_RECORDS FOR THIS EXERCISE_

--- START ---

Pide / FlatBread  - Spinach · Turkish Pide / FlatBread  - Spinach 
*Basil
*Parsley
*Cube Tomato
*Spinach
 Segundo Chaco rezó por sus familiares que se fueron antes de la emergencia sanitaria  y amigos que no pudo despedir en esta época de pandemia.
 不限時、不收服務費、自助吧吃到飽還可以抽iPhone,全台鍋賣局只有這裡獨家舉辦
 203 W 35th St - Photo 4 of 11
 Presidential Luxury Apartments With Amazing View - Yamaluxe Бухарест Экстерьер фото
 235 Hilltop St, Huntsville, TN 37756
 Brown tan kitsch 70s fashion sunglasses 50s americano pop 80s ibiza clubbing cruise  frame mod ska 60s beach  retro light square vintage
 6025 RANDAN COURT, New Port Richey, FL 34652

--- END ---

_EXERCISE_
The answer should be all lines from the entries above that hold the word "Spinach".

_SOLUTION BELOW_
Pide / FlatBread  - Spinach · Turkish Pide / FlatBread  - Spinach 
*Spinach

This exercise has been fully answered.